BOGOTA, Colombia (AP) — The party of Colombian President Gustavo Petro secured a victory in congressional elections, but will have to build coalitions with other parties to carry out announced reforms, including a controversial push to rewrite the nation’s constitution.
Petro’s Historical Pact party won almost a quarter of all seats in the Senate on Sunday and about 15% of seats in the House of Representatives, more than any other party.
But its staunchest opponents also made gains, with the Democratic Center — the conservative party led by former President Álvaro Uribe — securing 17 seats in the 103-member Senate.
Traditional parties including the Liberals and Conservatives lost ground in the Senate, while the Green Party also saw a smaller showing.
“The country seems to be turning away from voices in the center, and it’s becoming more polarized,” said Carlos Arias, a political consultant based in Bogota.
Jorge Restrepo, an economist at Bogota’s Javeriana University, said the election results showed that Colombia, a nation governed for decades by technocratic administrations on the center and the right, is no longer “immune to populism.”
“The Petro administration has taken a series of measures that are popular in the short term” but not sustainable in the long term, Restrepo said.
He pointed to a massive increase in the nation’s minimum wage, decreasing gasoline prices and reforms to the nation’s labor laws that have increased overtime payments.

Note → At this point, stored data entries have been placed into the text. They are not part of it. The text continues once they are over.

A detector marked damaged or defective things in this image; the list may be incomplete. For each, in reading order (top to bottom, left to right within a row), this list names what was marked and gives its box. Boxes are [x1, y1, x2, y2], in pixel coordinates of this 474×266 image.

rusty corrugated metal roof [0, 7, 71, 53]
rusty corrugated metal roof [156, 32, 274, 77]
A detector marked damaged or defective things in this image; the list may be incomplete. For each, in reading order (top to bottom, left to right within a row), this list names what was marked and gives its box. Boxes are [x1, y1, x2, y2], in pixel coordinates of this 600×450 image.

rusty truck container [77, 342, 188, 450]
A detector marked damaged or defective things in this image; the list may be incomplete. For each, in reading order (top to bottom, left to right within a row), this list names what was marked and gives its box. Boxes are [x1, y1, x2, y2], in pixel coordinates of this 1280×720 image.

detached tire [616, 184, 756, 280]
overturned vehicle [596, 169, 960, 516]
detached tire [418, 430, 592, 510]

“These decisions have helped to increase the popularity of the Historical Pact,” Restrepo said. “And make its critics more unpopular.”

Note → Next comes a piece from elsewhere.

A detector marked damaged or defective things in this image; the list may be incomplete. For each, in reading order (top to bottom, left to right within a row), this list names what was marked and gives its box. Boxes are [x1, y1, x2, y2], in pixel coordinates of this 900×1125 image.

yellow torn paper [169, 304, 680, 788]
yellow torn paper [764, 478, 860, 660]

The congressional election came just two months before Colombia holds a presidential election that will be crucial for the nation’s security policies and for the continuation of economic reforms led by the current government.
During its four years in power the Petro administration has pushed for negotiations with the nation’s remaining rebel groups while overhauling labor laws that recently included a 23% increase to the nation’s minimum wage — despite a 5% inflation rate last year.
Petro has said he would like to nationalize Colombia’s health care system, so that private insurance companies no longer handle social security payments. He has also pushed for changes to the pension system that would enable the government to administer a greater portion of pension payments.
Petro opponents have threatened to roll back some of these reforms, which they argue lead to wasteful government spending.
They have also signaled a more confrontational approach toward rebel groups that have increasingly threatened civilians with extortions, kidnappings and death threats, as they fight over territory and finance themselves with cocaine exports.
On Sunday, a coalition of parties on the center and the right held a presidential primary in which they elected Paloma Valencia, a senator for the Democratic Center, as their presidential candidate.
The coalition picked up 5.7 million votes, which turned Valencia into a serious contender in the upcoming elections, said Sergio Guzmán, a political risk analyst in Bogota.
Petro is barred from running in the election by Colombia’s constitution. But his party’s candidate, Sen. Iván Cepeda is ahead in polls, followed by Abelardo de la Espriella, an ultra conservative lawyer who has described himself as an admirer of Salvadoran president Nayib Bukele.
Sunday’s showing by Valencia suggests that she could now compete with De la Espriella for Colombia’s conservative vote.
“Abelardo’s candidacy seems shaky now,” Guzmán said, adding that the lawyer’s congressional list gained around 600,000 votes on Sunday, just a tenth of the votes cast for the primary won by Valencia.
There will be at least half a dozen candidates competing in May’s presidential election, including two members of smaller left-wing parties.
If none of the candidates gets 50% of the votes a run off will take place in June between the top two contenders.
Yan Basset, a political science professor at Bogota’s Rosario University, said that a victory by a conservative candidate would kill existing efforts by the Petro administration to rewrite Colombia’s constitution.
Petro has argued that a constitutional reset is required to empower voters and advance economic reforms previously blocked by the nation’s judges. But critics describe the effort as a power grab intended to diminish judicial oversight over the nation’s executive branch.
Basset said that if Cepeda, the Historical Pact candidate, wins the election, his government would struggle to change the constitution, due to the new makeup of Colombia’s Congress.
“The left won, but they only had a quarter of the seats,” Basset said. “I don’t think that there is the appetite among their potential coalition partners” to change the constitution.